Yesterday, February 28, the District of New Jersey, NCAA v. Christie, No. 12-cv-4947 (D.N.J. Feb. 28, 2013), upheld the Professional and Amateur Sporting Protection Act of 1992, 28 U.S.C. 3701, et seq. (“PASPA”) as constitutional in a response to a challenge by the State of New Jersey claiming PASPA improperly infringed upon New Jersey’s sovereign rights. The court held that the federal law, which prohibits states from legalizing sports betting, had a rational basis, did not infringe on New Jersey’s sovereign rights, and was a rational expression of Congress’s commerce power because of the interstate nature of sports betting.
PASPA made it unlawful for states to authorize sports wagering, but grandfathered in Delaware, Oregon, Montana, and Nevada and allowed New Jersey one year in which to pass a law authorizing sports betting. New Jersey did not do so until 2012. The NCAA and other sports leagues sued New Jersey state officials immediately seeking an injunction preventing New Jersey from enacting a law that authorized gambling on sports, which the leagues argued was prohibited by PAPSA.

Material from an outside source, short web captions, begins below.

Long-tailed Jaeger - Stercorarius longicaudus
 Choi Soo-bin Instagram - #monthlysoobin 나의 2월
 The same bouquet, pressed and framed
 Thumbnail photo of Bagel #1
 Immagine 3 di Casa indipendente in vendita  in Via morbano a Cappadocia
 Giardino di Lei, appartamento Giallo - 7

In response, New Jersey argued that PASPA violated the Commerce Clause, the Tenth Amendment, the Due Process Clause and Equal Protection Principles, and the Equal Footing Doctrine. The Court rejected each argument, finding PASPA is a rational expression of power under the Commerce Clause, and it does not violate the Tenth Amendment because it does not require New Jersey to take any legislative, executive or regulatory action. The Court found that Congress had a rational basis to enact PASPA in the manner it chose, and that grandfathering certain states was a rational decision based on the disruption that would have been caused by retroactive application of PASPA – it does not grant Nevada an unfair or unreasonable monopoly.
The tenor of the opinion is respectful to a law that has stood for 20 years and the presumption that acts passed by Congress are constitutional. The Court’s opinion states that to the extent New Jersey disagrees with PASPA, its recourse is not through the judiciary, but through advocating a repeal of PASPA by Congress. New Jersey probably will appeal to the Third Circuit, hoping an appellate court will be more willing to strike the law down than a district court judge.